Ömer Çelik’in açıklamalarından satır başları:
Rusya’nın Ukrayna’ya saldırısı orada bloklaşmanın olduğunu gösteriyor. Bu bloklaşmanın daha büyük hazırlığını gözettiği de söyleniyor. Tüm bu tablo bize ne gösteriyor, dünya daha bilinmeyen bir periyoda girmiştir. Burada herkes elindeki imkanları seferber etmiştir.
Türkiye burada niye olumlu olarak ayrıştı, barıştan yana bir irade koyarak savaşın büyümesini engelledi. Avrupa Birliği ülkeleri oturuyorlar ve bu savaşı tartışıyorlar lakin Türkiye olmadan. Türkiye, Avrupa Birliği ülkesi olmasa da aday bir ülke. Sayın Cumhurbaşkanımız olmadan bu toplantılardan sonuç çıkmaz.
Ukrayna konusunu konuşurken Türkiye masada olmadan ne konuşacaklar?
AZOV TABURUNUN DÖNÜŞÜ
Bu muahedeyi delen bir tavır içerisinde olmadığını Türkiye’nin açıklandı. Savaş çıkmadan önce her gün birtakım ülkelerin gazetelerinde “Rusya Ukrayna’ya giriyor” diyerekten Rusya’yı davet eden bir yaklaşım gösterildi.

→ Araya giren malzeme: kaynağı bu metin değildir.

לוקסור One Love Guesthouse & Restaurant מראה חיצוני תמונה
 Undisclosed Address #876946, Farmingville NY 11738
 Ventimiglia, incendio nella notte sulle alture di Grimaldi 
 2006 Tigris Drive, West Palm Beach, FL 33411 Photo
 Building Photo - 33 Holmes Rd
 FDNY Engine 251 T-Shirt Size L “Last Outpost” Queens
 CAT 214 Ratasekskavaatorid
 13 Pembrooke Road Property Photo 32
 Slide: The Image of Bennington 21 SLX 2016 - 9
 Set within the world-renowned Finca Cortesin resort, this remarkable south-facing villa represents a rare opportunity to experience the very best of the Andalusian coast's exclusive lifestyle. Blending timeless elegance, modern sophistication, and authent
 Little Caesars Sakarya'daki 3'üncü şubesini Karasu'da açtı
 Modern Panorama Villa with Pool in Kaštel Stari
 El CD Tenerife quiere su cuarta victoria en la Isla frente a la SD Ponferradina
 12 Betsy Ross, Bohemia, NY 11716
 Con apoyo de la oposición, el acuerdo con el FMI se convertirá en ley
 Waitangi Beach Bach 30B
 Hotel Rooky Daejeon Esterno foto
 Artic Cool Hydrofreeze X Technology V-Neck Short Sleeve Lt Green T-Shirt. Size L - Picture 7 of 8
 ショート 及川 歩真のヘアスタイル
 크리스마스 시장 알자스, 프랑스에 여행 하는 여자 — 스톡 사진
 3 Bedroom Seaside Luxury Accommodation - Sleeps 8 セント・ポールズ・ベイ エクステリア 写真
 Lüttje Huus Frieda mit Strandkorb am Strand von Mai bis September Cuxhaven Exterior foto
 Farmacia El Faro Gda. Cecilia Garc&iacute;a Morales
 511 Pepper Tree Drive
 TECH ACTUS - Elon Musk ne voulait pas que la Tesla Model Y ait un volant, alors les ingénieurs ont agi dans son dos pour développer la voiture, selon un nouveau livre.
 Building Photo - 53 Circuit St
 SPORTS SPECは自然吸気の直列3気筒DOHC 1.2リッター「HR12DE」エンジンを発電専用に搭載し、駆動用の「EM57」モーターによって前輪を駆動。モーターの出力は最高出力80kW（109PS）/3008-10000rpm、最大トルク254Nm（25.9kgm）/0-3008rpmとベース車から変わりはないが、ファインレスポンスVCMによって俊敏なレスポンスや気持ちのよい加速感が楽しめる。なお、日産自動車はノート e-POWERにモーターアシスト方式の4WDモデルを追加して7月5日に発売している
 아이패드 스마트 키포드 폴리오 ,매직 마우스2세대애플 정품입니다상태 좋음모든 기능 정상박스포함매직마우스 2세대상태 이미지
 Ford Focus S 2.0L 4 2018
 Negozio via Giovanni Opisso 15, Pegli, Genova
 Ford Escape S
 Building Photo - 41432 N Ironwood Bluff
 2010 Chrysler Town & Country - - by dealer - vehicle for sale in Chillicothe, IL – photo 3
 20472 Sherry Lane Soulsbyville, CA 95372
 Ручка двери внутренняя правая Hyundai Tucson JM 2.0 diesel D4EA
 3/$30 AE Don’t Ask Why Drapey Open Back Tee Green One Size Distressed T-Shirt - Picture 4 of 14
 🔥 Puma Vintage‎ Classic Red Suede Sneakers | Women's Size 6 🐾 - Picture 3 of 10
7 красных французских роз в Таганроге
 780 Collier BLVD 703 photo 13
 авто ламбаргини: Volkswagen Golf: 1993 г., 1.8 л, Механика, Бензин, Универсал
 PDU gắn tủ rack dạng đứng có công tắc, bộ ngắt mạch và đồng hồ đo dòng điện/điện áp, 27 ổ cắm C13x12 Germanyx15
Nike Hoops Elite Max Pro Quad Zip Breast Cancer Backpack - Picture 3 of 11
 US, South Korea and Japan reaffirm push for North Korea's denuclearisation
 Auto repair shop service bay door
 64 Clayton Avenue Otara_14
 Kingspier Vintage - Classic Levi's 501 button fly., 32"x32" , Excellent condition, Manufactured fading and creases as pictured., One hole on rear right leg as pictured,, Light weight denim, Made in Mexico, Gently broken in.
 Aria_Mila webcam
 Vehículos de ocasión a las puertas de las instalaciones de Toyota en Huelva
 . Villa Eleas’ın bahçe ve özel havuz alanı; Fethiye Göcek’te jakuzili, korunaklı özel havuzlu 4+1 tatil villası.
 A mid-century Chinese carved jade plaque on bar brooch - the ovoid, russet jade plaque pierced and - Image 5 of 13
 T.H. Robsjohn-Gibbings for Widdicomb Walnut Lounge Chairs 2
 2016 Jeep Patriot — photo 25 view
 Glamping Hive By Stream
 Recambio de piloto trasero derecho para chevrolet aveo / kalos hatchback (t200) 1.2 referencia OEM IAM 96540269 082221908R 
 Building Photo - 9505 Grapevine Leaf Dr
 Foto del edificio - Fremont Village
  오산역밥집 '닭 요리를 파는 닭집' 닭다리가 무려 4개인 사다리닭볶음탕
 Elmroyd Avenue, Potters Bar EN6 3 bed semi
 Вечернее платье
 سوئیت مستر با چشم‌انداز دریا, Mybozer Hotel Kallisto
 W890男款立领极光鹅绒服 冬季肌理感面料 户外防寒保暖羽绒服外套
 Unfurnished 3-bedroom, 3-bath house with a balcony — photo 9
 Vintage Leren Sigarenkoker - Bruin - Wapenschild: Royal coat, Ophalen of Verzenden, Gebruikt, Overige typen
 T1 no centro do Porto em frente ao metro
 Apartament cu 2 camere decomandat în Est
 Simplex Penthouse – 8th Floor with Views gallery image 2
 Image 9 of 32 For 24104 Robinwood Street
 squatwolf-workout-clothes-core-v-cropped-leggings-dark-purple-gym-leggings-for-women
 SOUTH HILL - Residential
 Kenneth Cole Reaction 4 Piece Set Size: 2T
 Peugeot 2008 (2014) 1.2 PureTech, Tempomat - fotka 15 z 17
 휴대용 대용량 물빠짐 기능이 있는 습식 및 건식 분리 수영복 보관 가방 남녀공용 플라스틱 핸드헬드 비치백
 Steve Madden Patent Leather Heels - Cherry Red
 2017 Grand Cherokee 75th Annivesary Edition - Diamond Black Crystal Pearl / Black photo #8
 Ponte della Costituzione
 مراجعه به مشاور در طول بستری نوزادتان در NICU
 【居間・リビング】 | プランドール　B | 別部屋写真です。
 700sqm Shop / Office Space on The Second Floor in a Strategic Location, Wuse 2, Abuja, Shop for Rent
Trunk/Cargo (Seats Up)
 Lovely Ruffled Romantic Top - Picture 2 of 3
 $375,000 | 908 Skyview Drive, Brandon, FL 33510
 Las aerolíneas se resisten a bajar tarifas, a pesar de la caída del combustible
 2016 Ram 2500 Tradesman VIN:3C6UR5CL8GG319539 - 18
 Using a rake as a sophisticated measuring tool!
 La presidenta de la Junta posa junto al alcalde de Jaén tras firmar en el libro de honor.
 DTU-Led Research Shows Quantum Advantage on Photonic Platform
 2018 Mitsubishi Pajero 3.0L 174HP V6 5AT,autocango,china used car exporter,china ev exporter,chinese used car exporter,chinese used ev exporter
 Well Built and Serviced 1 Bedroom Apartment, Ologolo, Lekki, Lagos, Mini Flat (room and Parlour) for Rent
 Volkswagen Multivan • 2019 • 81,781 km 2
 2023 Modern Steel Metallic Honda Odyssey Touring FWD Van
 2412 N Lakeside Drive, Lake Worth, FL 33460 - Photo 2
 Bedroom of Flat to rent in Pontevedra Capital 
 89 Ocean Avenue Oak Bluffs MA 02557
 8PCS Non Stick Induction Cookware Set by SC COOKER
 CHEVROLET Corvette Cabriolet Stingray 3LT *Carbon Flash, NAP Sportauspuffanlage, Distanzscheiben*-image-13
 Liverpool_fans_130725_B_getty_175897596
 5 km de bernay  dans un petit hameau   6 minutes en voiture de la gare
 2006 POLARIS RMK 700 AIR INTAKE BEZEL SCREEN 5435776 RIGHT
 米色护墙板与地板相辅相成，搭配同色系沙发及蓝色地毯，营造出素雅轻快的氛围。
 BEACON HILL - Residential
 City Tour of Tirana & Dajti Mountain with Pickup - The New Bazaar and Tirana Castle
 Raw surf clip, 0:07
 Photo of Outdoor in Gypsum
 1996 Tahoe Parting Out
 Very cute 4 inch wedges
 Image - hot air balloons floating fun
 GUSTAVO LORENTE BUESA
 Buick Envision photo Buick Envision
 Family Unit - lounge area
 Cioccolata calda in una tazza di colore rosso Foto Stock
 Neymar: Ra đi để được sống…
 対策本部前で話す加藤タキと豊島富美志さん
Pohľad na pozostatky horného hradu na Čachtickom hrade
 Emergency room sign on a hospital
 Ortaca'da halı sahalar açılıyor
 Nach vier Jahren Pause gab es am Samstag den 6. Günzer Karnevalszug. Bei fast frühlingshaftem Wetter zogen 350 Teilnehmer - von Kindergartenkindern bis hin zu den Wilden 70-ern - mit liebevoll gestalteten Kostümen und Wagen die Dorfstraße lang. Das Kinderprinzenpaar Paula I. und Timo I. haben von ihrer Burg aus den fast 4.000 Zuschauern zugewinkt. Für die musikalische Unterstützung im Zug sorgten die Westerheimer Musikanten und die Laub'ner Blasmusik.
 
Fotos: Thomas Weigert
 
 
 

Putin bu periyotta yurtdışına çıkarsa Türkiye’ye gelecektir diye düşünüyorum.
Dünya sisteminin dikişleri sökülürken çabucak hemen her mevzunun merkezinde Türkiye var. Bütün bunlar içerisinde şunu uygun kıymetlendirmek gerekiyor, büsbütün inançlı bir biçimde bu seyahati sürdürdük. Bundan sonra barış iradesinin daha çok ortaya çıkması için, Sayın Cumhurbaşkanımızın yürüttüğü diplomasiye AB’nin daha çok takviye vermesi gerekirdi. Bu NATO Doruğu’nda bu dayanak görüldü.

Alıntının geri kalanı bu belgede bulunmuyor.